Save the above lawmaking into the spi.py file or download it straight from GitHub. Try it out and come across for yourself that your new tree-based interpreter properly evaluates arithmetic expressions.

Here is a sample session:

            $ python spi.py spi>            7            +            3            *            (            10            /            (            12            /            (            three            +            1            )            -            1            ))            22            spi>            7            +            3            *            (            10            /            (            12            /            (            3            +            ane            )            -            1            ))            /            (            two            +            3            )            -            five            -            three            +            (            eight            )            10            spi>            7            +            (((            3            +            2            )))            12          


Today you've learned about parse trees, ASTs, how to construct ASTs and how to traverse them to interpret the input represented past those ASTs. You've besides modified the parser and the interpreter and separate them apart. The electric current interface betwixt the lexer, parser, and the interpreter at present looks like this:

Yous can read that as "The parser gets tokens from the lexer and then returns the generated AST for the interpreter to traverse and translate the input."

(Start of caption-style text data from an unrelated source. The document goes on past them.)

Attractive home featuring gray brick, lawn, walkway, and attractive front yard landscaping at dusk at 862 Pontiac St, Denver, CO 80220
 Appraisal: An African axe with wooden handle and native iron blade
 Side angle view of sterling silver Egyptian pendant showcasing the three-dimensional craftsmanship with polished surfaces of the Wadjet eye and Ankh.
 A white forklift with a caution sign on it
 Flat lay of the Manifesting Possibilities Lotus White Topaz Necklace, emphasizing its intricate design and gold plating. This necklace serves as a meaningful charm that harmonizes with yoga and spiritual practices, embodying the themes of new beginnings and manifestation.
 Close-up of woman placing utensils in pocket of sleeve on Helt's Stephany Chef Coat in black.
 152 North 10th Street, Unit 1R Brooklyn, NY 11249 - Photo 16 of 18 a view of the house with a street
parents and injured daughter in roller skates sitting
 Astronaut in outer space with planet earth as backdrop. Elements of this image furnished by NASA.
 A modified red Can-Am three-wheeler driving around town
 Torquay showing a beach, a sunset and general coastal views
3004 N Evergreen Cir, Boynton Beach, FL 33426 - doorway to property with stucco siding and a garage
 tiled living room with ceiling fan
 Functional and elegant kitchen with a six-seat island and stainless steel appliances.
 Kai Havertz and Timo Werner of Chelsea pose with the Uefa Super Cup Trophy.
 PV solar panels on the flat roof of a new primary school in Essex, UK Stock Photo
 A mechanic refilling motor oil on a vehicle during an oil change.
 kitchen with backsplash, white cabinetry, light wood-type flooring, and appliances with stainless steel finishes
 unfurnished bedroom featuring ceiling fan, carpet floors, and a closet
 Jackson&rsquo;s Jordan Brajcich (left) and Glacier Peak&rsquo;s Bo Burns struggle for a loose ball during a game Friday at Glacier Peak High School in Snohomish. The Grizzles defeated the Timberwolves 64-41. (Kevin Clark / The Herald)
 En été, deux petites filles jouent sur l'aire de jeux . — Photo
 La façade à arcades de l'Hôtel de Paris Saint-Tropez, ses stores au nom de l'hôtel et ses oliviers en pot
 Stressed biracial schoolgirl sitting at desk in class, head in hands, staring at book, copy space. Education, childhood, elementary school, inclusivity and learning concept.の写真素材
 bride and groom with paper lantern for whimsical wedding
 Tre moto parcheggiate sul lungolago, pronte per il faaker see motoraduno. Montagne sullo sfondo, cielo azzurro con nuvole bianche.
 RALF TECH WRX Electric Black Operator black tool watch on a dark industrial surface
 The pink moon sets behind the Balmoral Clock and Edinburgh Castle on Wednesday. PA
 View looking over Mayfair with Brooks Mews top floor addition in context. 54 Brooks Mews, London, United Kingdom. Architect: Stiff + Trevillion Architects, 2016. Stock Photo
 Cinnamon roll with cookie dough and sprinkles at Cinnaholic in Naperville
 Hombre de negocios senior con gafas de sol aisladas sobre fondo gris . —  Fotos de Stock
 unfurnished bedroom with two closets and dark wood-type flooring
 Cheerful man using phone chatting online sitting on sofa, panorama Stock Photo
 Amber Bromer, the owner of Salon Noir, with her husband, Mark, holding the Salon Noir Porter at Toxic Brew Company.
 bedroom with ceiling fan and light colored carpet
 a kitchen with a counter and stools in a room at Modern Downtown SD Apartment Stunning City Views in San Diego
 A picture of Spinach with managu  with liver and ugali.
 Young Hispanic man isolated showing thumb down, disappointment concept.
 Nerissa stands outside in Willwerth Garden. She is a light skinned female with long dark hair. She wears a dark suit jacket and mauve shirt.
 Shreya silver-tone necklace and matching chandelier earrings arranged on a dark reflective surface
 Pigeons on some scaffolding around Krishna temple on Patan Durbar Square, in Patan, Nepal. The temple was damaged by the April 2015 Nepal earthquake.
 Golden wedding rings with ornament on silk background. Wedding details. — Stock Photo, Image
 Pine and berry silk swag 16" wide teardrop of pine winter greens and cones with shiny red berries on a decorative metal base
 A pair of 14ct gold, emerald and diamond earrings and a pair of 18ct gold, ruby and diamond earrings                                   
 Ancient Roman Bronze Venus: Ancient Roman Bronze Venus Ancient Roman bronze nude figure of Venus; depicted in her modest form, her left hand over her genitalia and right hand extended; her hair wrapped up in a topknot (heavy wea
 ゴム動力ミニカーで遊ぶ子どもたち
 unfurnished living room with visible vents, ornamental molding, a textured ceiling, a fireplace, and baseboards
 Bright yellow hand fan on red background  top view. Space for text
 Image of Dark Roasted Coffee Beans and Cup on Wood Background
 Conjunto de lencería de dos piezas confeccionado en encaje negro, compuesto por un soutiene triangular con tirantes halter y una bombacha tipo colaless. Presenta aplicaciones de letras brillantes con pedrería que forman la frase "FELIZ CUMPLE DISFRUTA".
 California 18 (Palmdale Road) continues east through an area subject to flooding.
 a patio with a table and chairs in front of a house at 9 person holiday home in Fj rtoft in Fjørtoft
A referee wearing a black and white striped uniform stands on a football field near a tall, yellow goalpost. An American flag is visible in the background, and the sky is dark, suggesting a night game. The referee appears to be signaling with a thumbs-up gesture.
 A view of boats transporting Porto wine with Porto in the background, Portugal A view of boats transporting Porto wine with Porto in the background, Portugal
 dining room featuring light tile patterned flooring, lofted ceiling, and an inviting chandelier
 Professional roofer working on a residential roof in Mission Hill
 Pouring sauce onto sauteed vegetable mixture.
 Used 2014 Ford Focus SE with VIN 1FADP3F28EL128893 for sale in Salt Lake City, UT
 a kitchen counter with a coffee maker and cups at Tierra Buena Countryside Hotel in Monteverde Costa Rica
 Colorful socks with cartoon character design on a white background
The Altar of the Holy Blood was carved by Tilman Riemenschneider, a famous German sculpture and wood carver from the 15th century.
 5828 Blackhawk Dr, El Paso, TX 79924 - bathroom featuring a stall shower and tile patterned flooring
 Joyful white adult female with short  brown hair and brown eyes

That'south information technology for today, just before wrapping upward I'd like to talk briefly virtually recursive-descent parsers, namely just give them a definition considering I promised last time to talk about them in more detail. So here you become: a recursive-descent parser is a meridian-down parser that uses a set up of recursive procedures to process the input. Elevation-down reflects the fact that the parser begins by constructing the top node of the parse tree and then gradually constructs lower nodes.


And now it'southward time for exercises :)

  • Write a translator (hint: node company) that takes as input an arithmetics expression and prints it out in postfix notation, too known every bit Reverse Polish Notation (RPN). For example, if the input to the translator is the expression (five + iii) * 12 / 3 than the output should be 5 3 + 12 * three /. See the respond hither but endeavor to solve it offset on your own.
  • Write a translator (node visitor) that takes as input an arithmetic expression and prints it out in LISP style annotation, that is 2 + iii would become (+ ii 3) and (ii + 3 * 5) would get (+ 2 (* three 5)). Y'all can find the respond here but once again attempt to solve it outset before looking at the provided solution.


In the next article, nosotros'll add assignment and unary operators to our growing Pascal interpreter. Until then, take fun and see you soon.


P.S. I've also provided a Rust implementation of the interpreter that you can discover on GitHub. This is a way for me to learn Rust then keep in mind that the lawmaking might not exist "idiomatic" yet. Comments and suggestions as to how to make the code better are e'er welcome.


Hither is a list of books I recommend that will assistance y'all in your written report of interpreters and compilers:

  1. Language Implementation Patterns: Create Your Own Domain-Specific and General Programming Languages (Pragmatic Programmers)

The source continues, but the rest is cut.